2.- María: madre que cuida y protege
En
las bodas de Canán, María dice: “haced lo que él os diga”. María señala a
Jesús, María lleva a Jesús. María conduce a Jesús. El hermano Juan ha ido a
Jesús de la mano de María. Pero la devoción del Hermano Juan no es mariolatría,
algo que sucede a menudo en las gentes que han separado a María de Jesús, y la
han convertido en poco menos que un ‘dios’. En la romería de la Virgen del
Rocío, en Andalucía, se ha escuchado muchas veces “aquí no hay más Dios
que la Virgen”. Y en México, un niño, a la pregunta de su catequista “¿Quién es Dios?”, contestó cándidamente: “Dios es la Virgen de Guadalupe”, lo que,
probablemente, afirmarían sin ruborizarse muchos mejicanos. No es así para el
hermano Juan: María es intercesora privilegiada ante Jesús: ayuda, puente,
protección, compañía, caricia, consejo, inspiración...
El Hno. Juan así lo certifica: “Oh María, Madre mía, después de a Dios, todo
te lo debo a ti”. María es su ideal, su inseparable compañera de viaje, su
mamá celestial: “Oh María, que en todo y para todo actúe,
hable y piense como vos. Vos sois mi ideal, mi
pensamiento dominante”. El P. Carlos, su primer biógrafo, ya lo dejó
claro: “Sin la devoción a la Virgen, sería imposible comprender la
espiritualidad del Hermano Juan”.
Como he recordado más
arriba, “María” y “Madre” son las dos voces más repetidas en su Diario. Se
podría incluso escribir su biografía siguiendo los pasos de su relación con
María. Desde el Avemaría que mamá Carmela le enseñaba mientras preparaba la
polenta en su tierna infancia, hasta las innumerables visitas a santuarios
marianos, pasando por ese desgranar continuo de rosarios, jaculatorias y
oraciones a María. En los momentos más importantes de su vida está presente
María. Así, recordando la fecha de su primera comunión, escribe: “que me disponga a recibiros como lo hizo la
Virgen…”; y cuando trae a la memoria su adolescencia: “la medicina más potente para salir victorioso de las tentaciones es la
devoción a la Virgen María”. Y durante toda su vida: “Oh María, enamoradme de vos y con
eso me basta”.
Cuenta su hermano Pedro, también
guaneliano, que Juan organizaba peregrinaciones al Santuario de la Virgen de la
Comuna (Ostiglia), en bicicleta o enganchando el caballo a un carro donde
subían unos cuantos jóvenes del pueblo. A la Virgen de la Comuna se encomienda para
que le ilumine en su vocación y le muestre el camino antes de que concluya el
año santo de 1933. Y así sucede.
Al entrar en la
Congregación de los Siervos de la Caridad, descubre a María como Madre de la
Divina Providencia.
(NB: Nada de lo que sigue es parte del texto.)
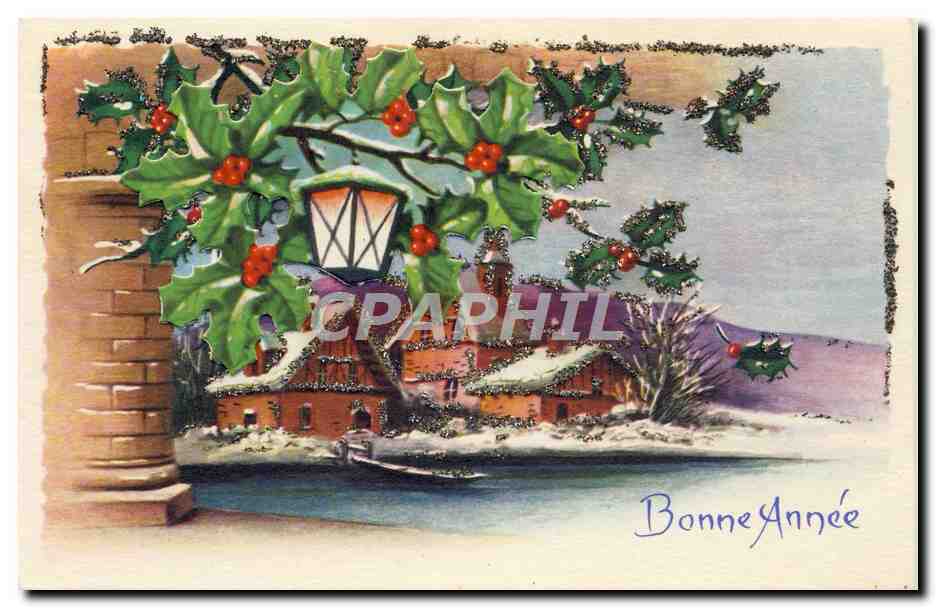 CPA Fantaisie Fleurs Bonne annee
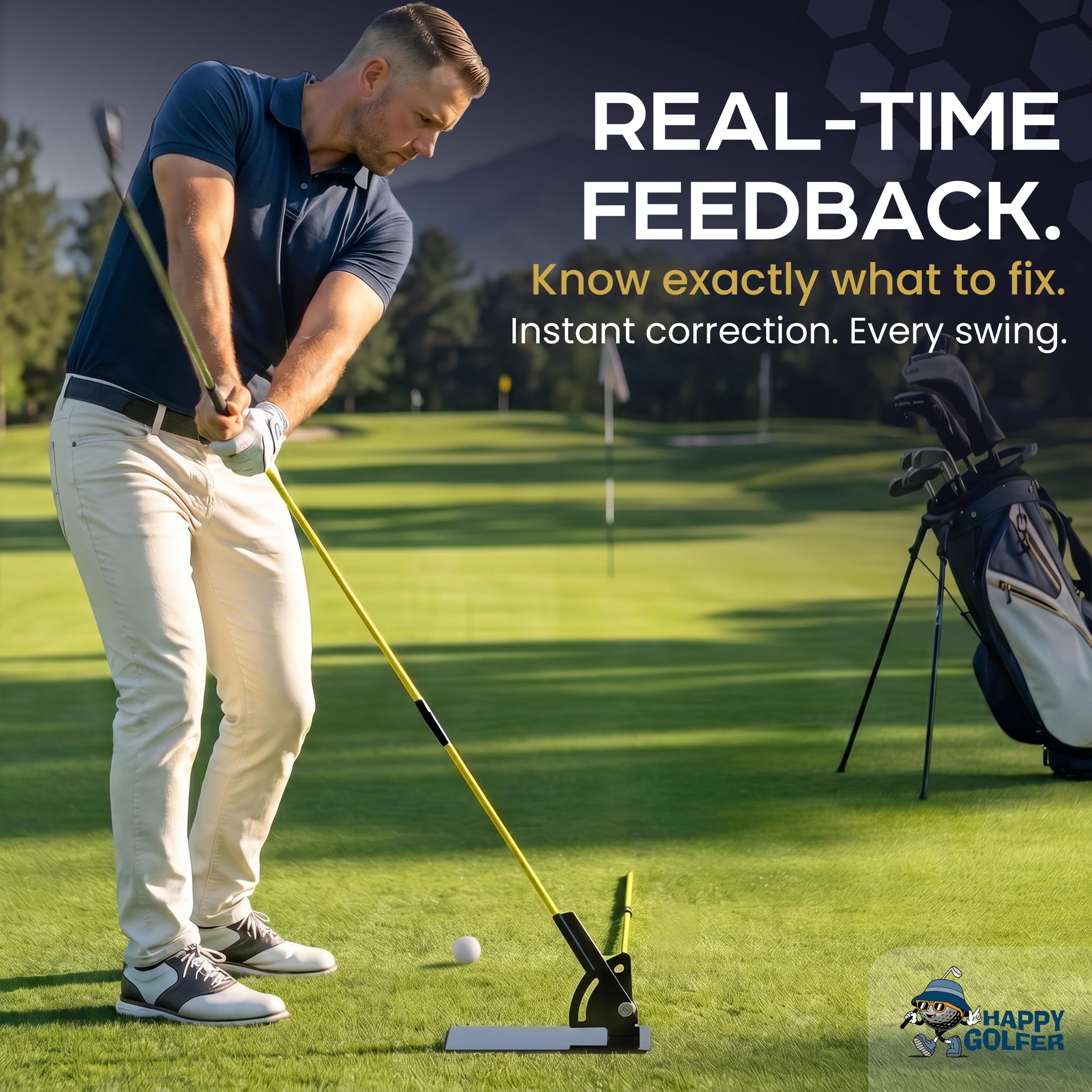Happy Golfer Golfschwungtrainer für Schwungflugzeug & Ausrichtung | Platte mit zwei Ausrichtungsstäben | Zur Perfektionierung Ihres Golfschwungs mit mehreren Trainingsbohrern | Golf-Übungshilfe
Todas las peregrinaciones y visitas a los distintos
santuarios, Comuna, Loreto, Lourdes o Fátima, son para él jalones que marcan
con un plus de devoción su existencia.
Un enamorado no puede por
menos que hablar de quien se ha enamorado o mejor de quien le ha enamorado. ¡Cuánto
se afanó por dar a conocer, amar y honrar a la Virgen María! Los seminaristas
de Aguilar recuerdan que el Hermano Juan les hablaba de la Virgen, con la
emoción y la naturalidad con la que uno habla de su madre terrenal.
Sus numerosas cartas
siempre comienzan con «Ave María»
y son una continua invitación a confiar en ella y a vivir la devoción filial.
En una carta del 1948, dirigida a los hermanos coadjutores, les invita a “marianizar” toda la jornada. En otra que
lleva por título “Dejarse guiar por la
Virgen”, presenta la necesidad que todos tenemos de un guía en nuestro
camino. Y propone como guía segura a María, que Jesús nos dejó como madre en la
cruz. “La Virgen nos ha proporcionado un
alimento celestial: Jesús Eucaristía; y, como Madre celestial, nos facilita
cada día la meta radiante que debemos alcanzar, o sea, nuestra santificación”.
En otra carta posterior dirige a los frailes legos estas palabras: “Animados por una devoción filial hacia la
Madre celestial, entreguémonos con entusiasmo a la tarea de darla a conocer y a
amar por todos, con todas las formas de apostolado práctico y familiar que sean
útiles“.
Y a esa tarea dedica sus
mejores energías creativas: envía libritos sobre la Virgen, regala estatuillas
de la Inmaculada, de la Virgen de Fátima y de Lourdes a parientes, hermanos de
religión, amigos y bienhechores. En sus años de Barza, promueve la iniciativa
de erigir una capilla a la Inmaculada en la aldea de Monteggia. Elabora un
concurso mariano de preguntas, inspirado en un famoso programa italiano de
televisión de la época “Lascia o raddoppia” que envía a familiares y
amigos de Monteggia. Sus visitas a Lourdes, hasta ocho, son momentos de alta
intensidad espiritual, de coloquios íntimos, de súplicas ardientes por las
necesidades de tantos conocidos.
Muchas personas se
unieron a él en lo que Juan denominaba ‘cita mariana’, es decir, el rezo
de tres Avemarías antes de acostarse, para pedir los unos por los otros. Una oración
que en su años en Roma recitaba de rodillas sobre un bastón que, más tarde,
regaló a un amigo de Roma, Alfredo, encareciéndole a no divulgar el secreto de
esta pequeña disciplina.
Pocos meses antes de su
muerte escribe esta oración mariana: “Gobierna,
oh madre mía María, y reina sobre mi alma, mi corazón, mis sentidos, mis
facultades, mis deseos y sobre todo mi ser. Que sea instrumento dócil en tus
manos. Pido amarte y hacer que te amen y que amen a Jesús, a San José, a la
santa Iglesia, de la cual eres la reina, y a la congregación, para la que eres
Madre de la Divina Providencia”.
Y una última reflexión
sobre la Virgen, probablemente un borrador de una catequesis: “María está a tu
lado en todos los momentos de tu vida: en las alegrías y en las pruebas, sean
las que sean, allá donde te encuentres, solo o en compañía. Que esto te
consuele y te anime, porque nunca estás solo. Un hijo, aunque huya de la mirada
de su madre, nunca huirá de su amor ni de su corazón ni de su pensamiento”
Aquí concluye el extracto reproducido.